_TASK INSTRUCTIONS:_ In the entries below, repeat only the lines between those holding "Silvana | Ribbed" and "Slingback flats με strass φιόγκο", inclusive. Leave pictures out.

_MATERIAL FOR THE TASK:_

§ §

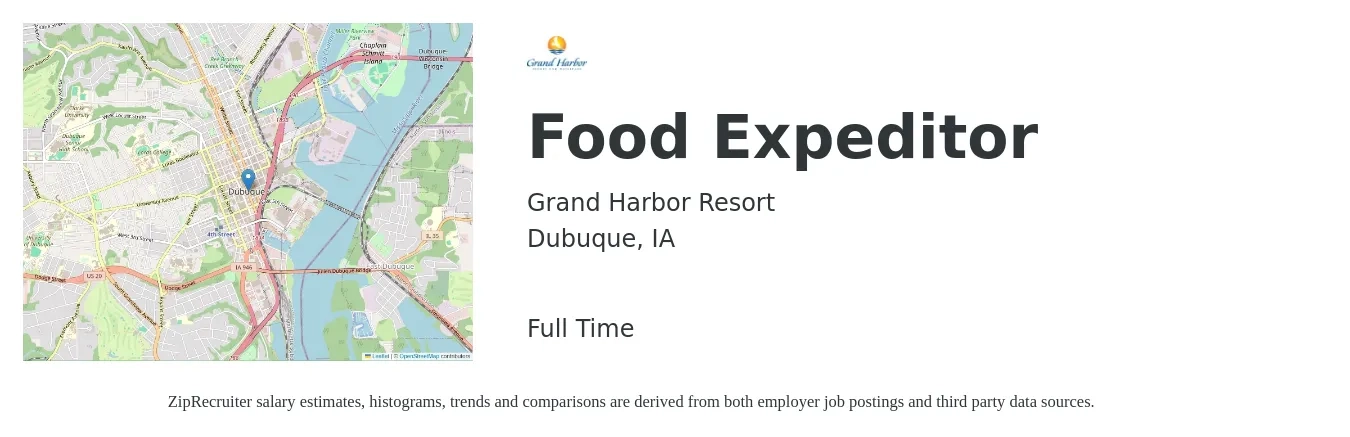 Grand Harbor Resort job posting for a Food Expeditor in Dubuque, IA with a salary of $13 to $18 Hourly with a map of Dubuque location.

§ §

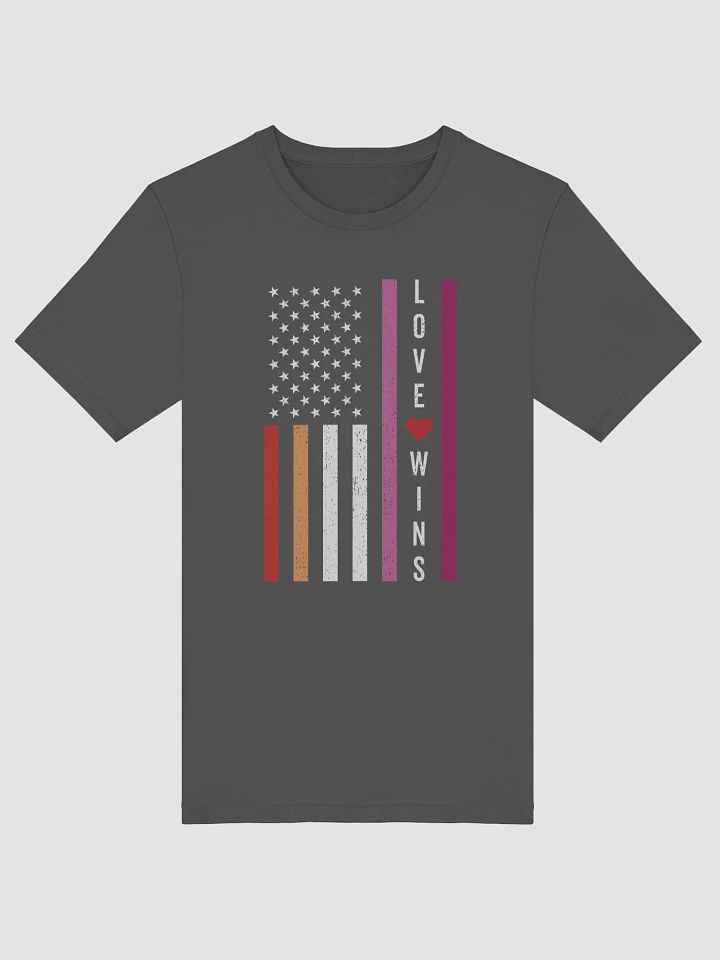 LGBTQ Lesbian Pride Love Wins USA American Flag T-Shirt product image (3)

§ §

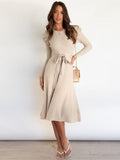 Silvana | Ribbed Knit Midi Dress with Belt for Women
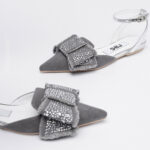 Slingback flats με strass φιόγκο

§ §

_EXERCISE ANSWER:_
 Silvana | Ribbed Knit Midi Dress with Belt for Women
 Slingback flats με strass φιόγκο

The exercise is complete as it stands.